_DATASET EXTRACT_
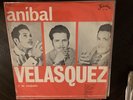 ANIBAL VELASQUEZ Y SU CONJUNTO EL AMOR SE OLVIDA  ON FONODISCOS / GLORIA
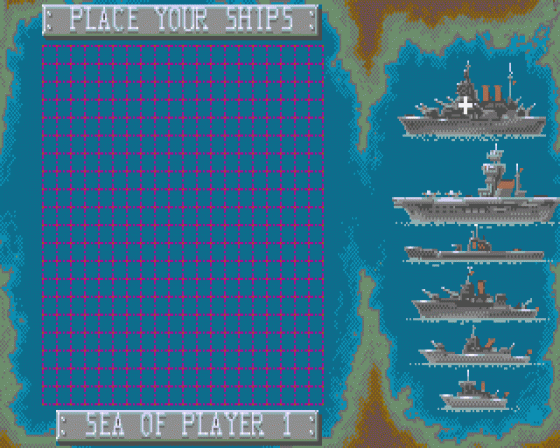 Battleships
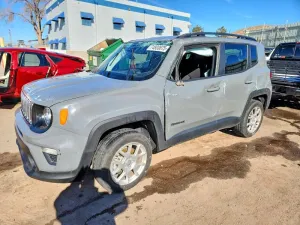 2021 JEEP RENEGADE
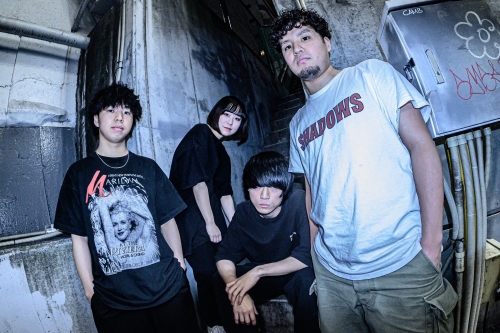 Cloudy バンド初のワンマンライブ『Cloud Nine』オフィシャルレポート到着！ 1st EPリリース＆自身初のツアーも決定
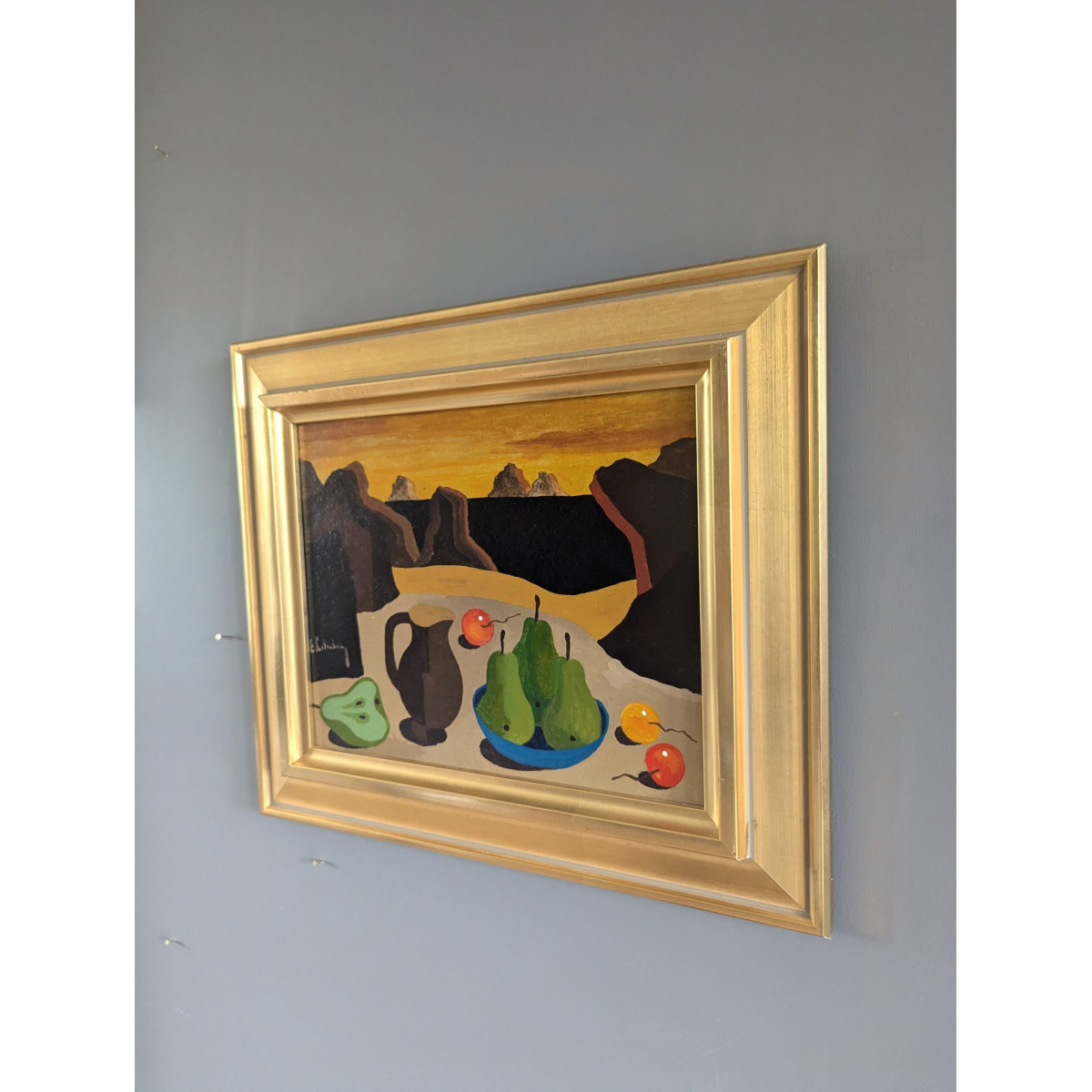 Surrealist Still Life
...
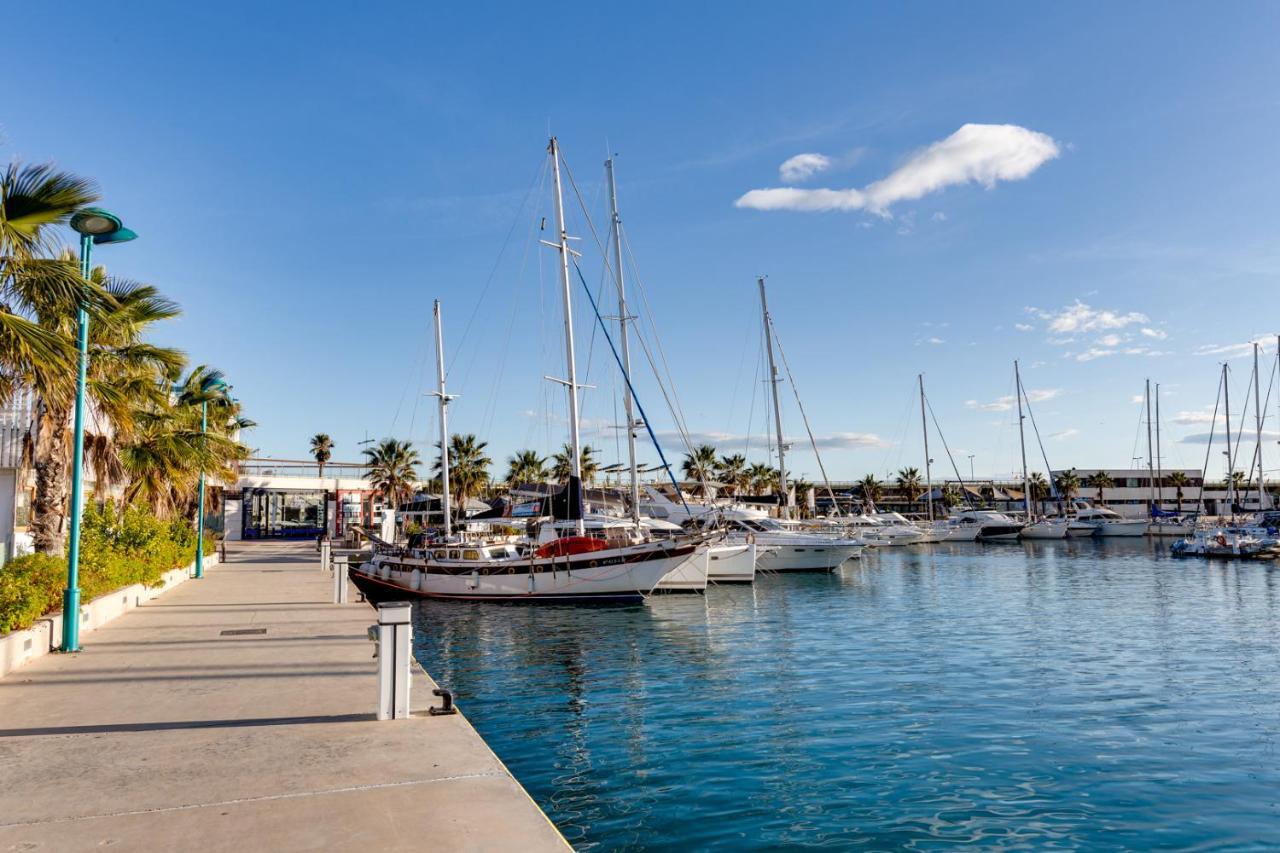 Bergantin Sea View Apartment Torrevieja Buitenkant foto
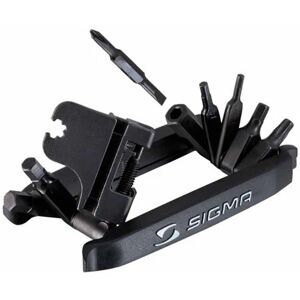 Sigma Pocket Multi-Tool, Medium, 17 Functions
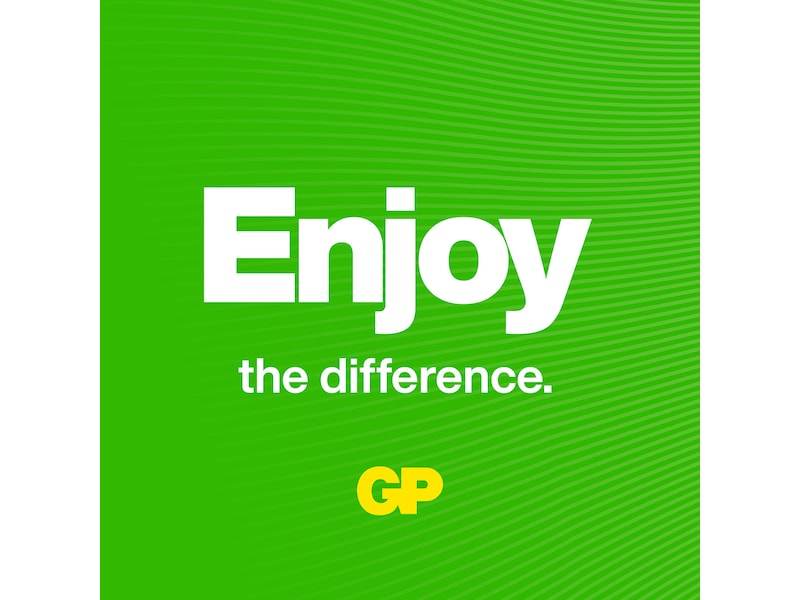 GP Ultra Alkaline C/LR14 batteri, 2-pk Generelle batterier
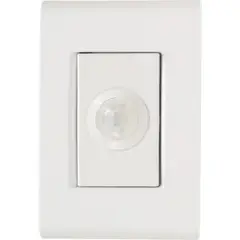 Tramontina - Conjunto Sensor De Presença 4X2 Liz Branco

_INSTRUCTIONS FOR THE TASK_
No picture is to be printed. Output exactly the lines above from the line containing "Sigma Pocket Multi-Tool, Medium, 17" through the line containing "Tramontina - Conjunto".

_TASK RESPONSE_
 Sigma Pocket Multi-Tool, Medium, 17 Functions
 GP Ultra Alkaline C/LR14 batteri, 2-pk Generelle batterier
 Tramontina - Conjunto Sensor De Presença 4X2 Liz Branco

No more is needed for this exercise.